_What this task involves_:
Here is the task for the listing below: output exactly the lines from the one containing "China 2022 MDF" through the one containing "ᴇᴜᴄ ᴇᴍᴘᴏʀɪᴏ ᴀʀᴍᴀɴɪ", and leave out the pictures.

_Extracted records_:
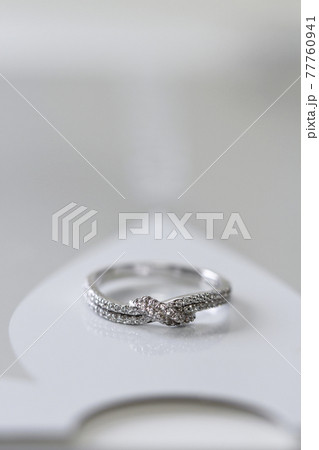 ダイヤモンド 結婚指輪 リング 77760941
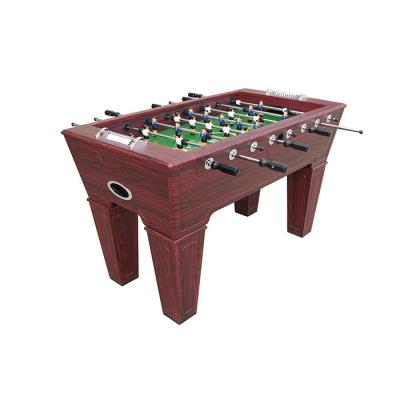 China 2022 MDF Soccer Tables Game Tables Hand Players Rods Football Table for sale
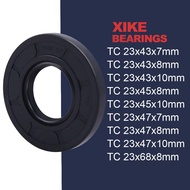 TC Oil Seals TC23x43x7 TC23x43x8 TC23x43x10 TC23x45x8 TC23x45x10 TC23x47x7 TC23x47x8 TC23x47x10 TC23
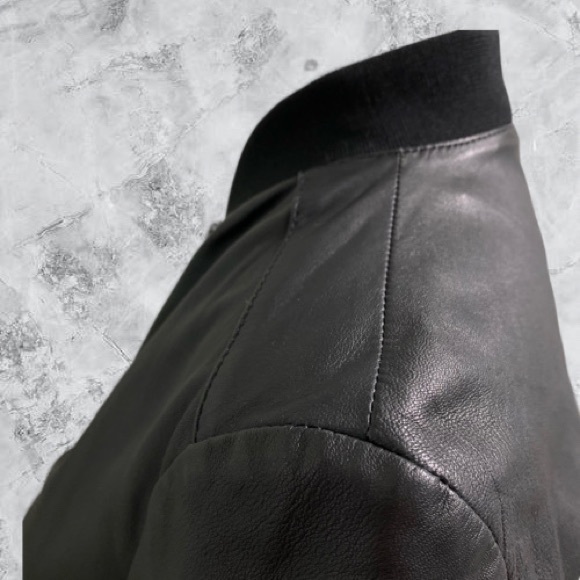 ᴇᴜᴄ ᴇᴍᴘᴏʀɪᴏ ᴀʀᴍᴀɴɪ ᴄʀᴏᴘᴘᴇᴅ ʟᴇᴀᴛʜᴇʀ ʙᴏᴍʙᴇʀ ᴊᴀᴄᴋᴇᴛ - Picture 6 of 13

--

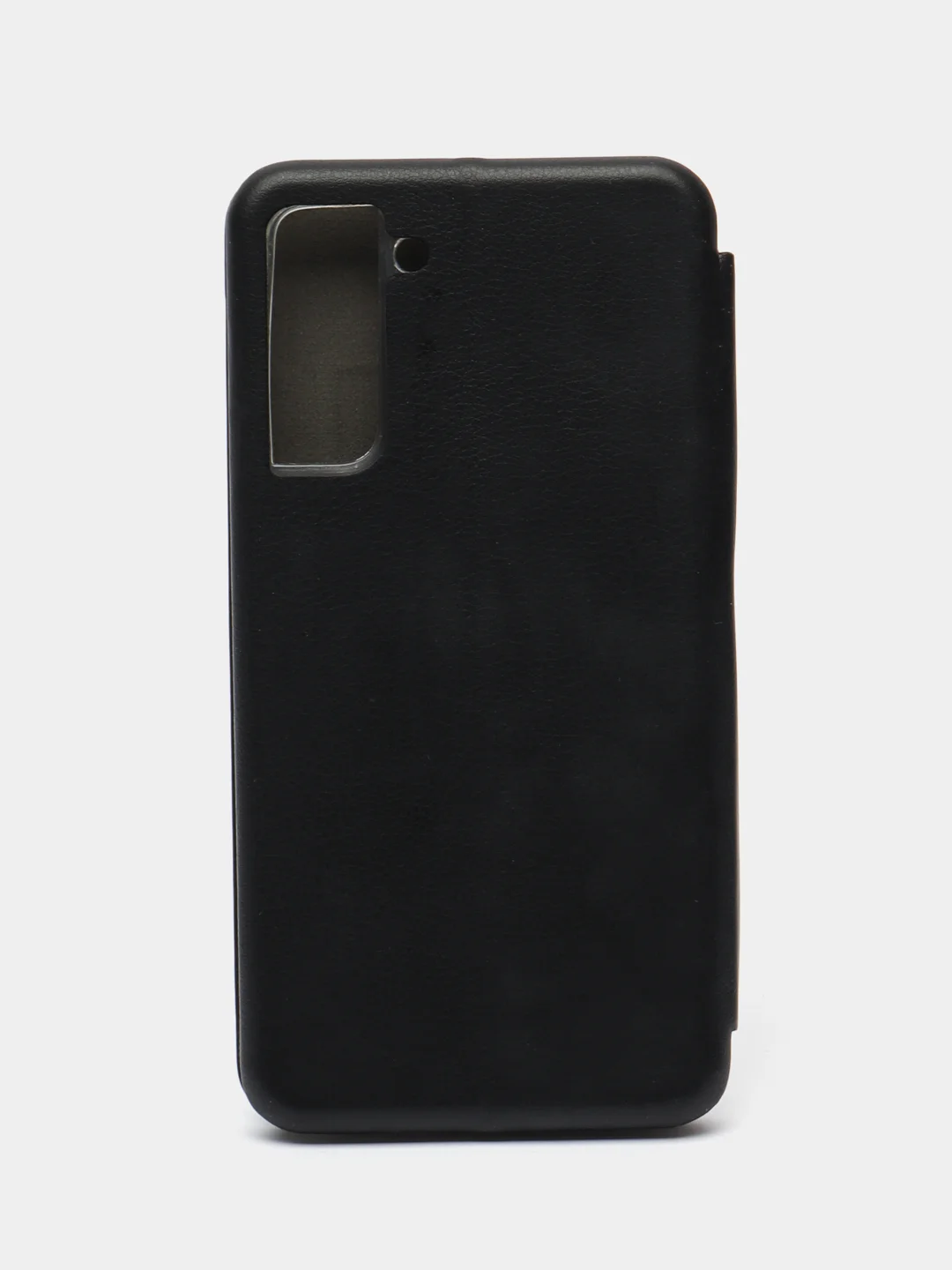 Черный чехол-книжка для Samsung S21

---

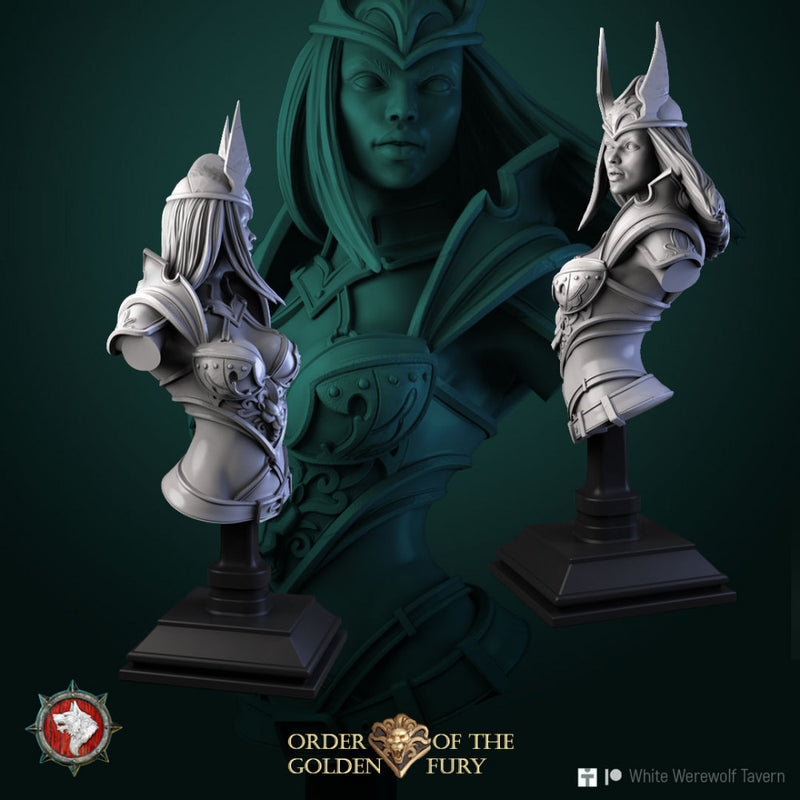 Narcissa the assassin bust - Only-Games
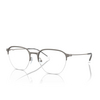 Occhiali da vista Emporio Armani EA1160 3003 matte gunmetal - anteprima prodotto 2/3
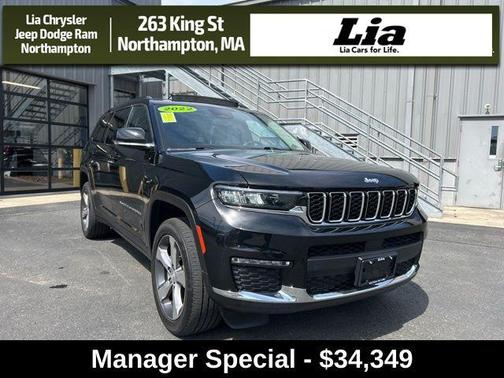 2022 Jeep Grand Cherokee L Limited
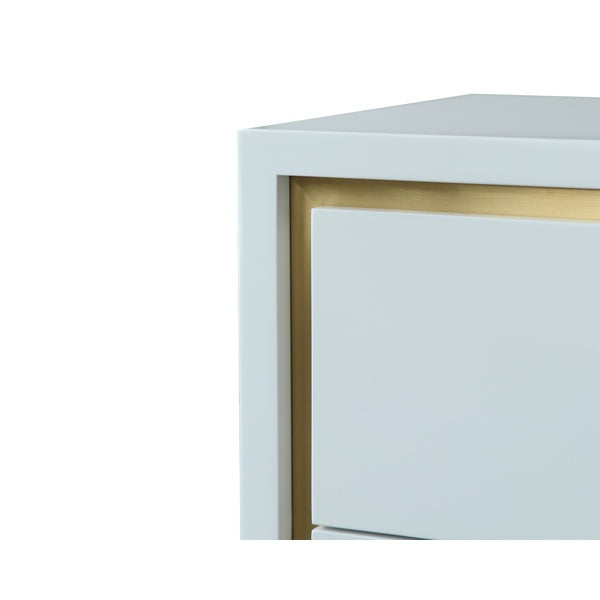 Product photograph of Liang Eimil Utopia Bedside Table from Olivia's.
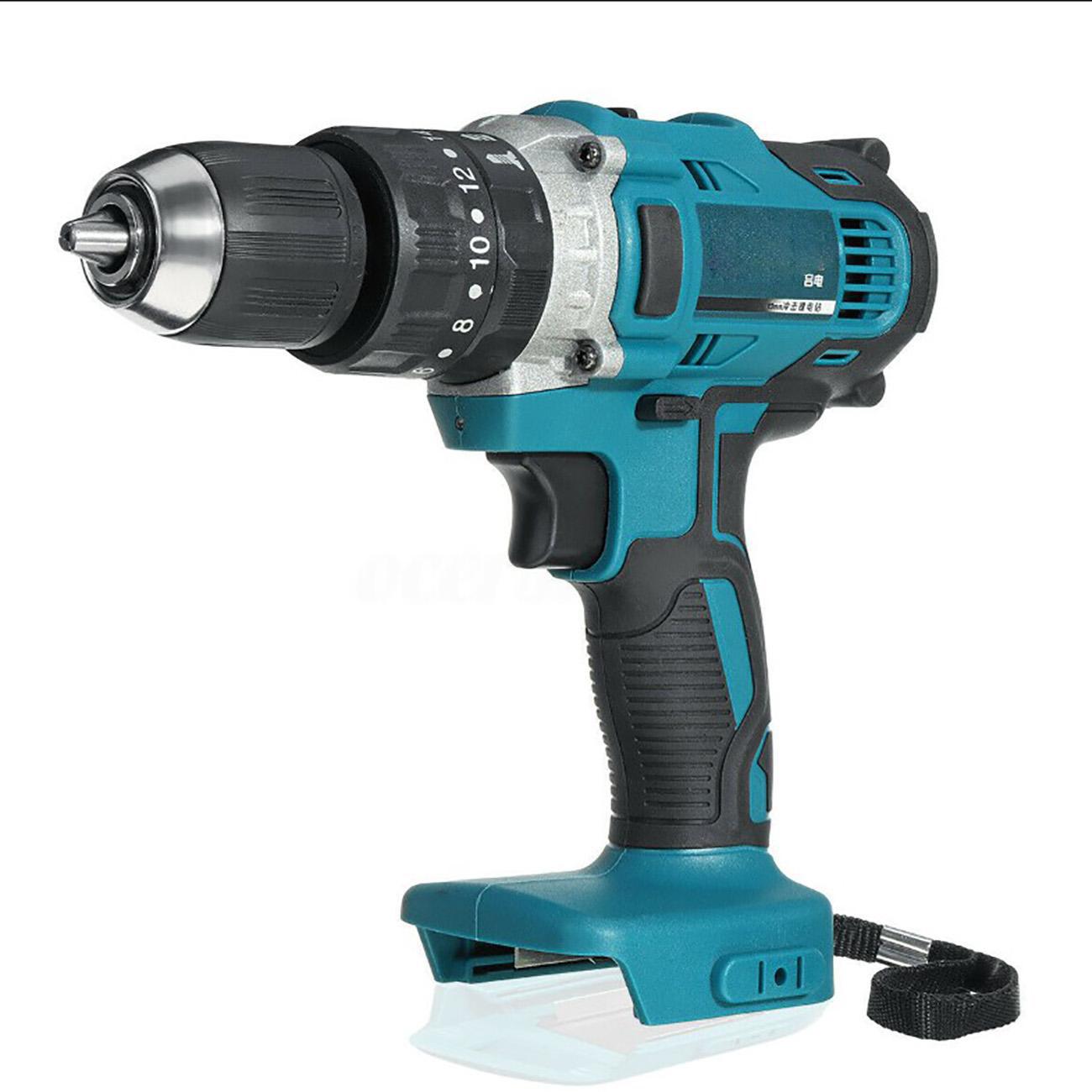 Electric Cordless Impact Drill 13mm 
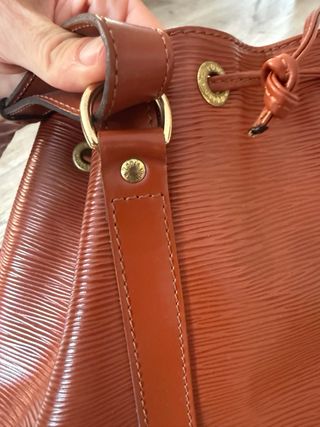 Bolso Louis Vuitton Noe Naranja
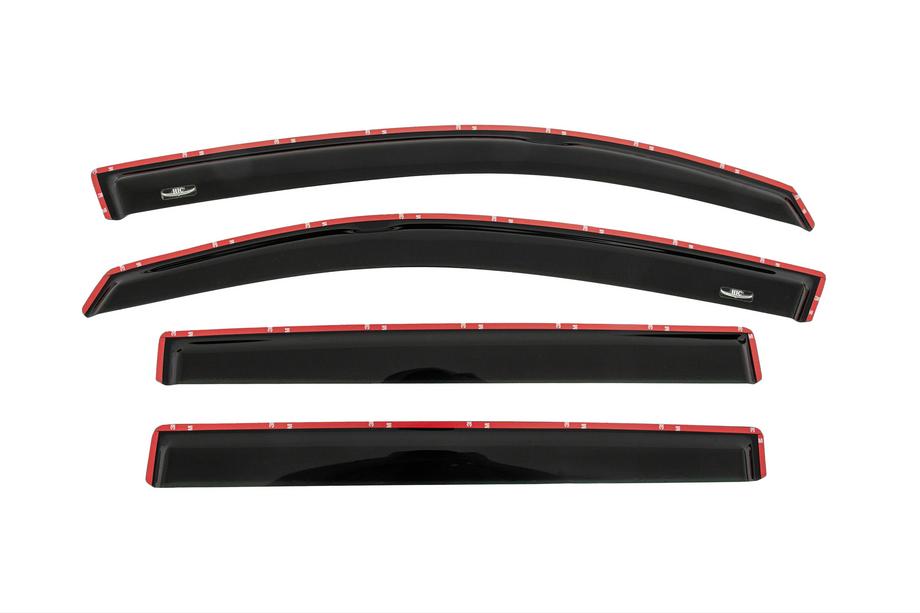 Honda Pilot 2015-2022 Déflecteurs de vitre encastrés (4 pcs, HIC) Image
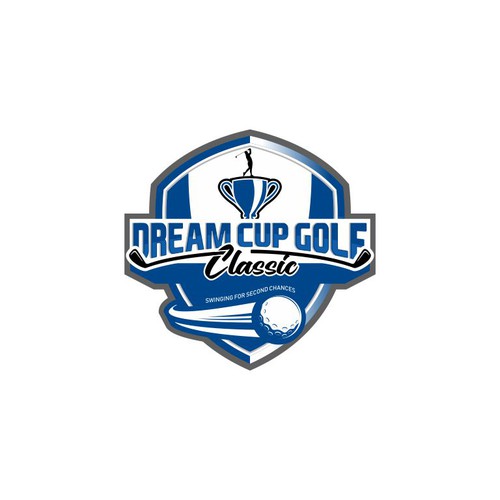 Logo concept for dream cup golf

_Output of the task_:
 China 2022 MDF Soccer Tables Game Tables Hand Players Rods Football Table for sale
 TC Oil Seals TC23x43x7 TC23x43x8 TC23x43x10 TC23x45x8 TC23x45x10 TC23x47x7 TC23x47x8 TC23x47x10 TC23
 ᴇᴜᴄ ᴇᴍᴘᴏʀɪᴏ ᴀʀᴍᴀɴɪ ᴄʀᴏᴘᴘᴇᴅ ʟᴇᴀᴛʜᴇʀ ʙᴏᴍʙᴇʀ ᴊᴀᴄᴋᴇᴛ - Picture 6 of 13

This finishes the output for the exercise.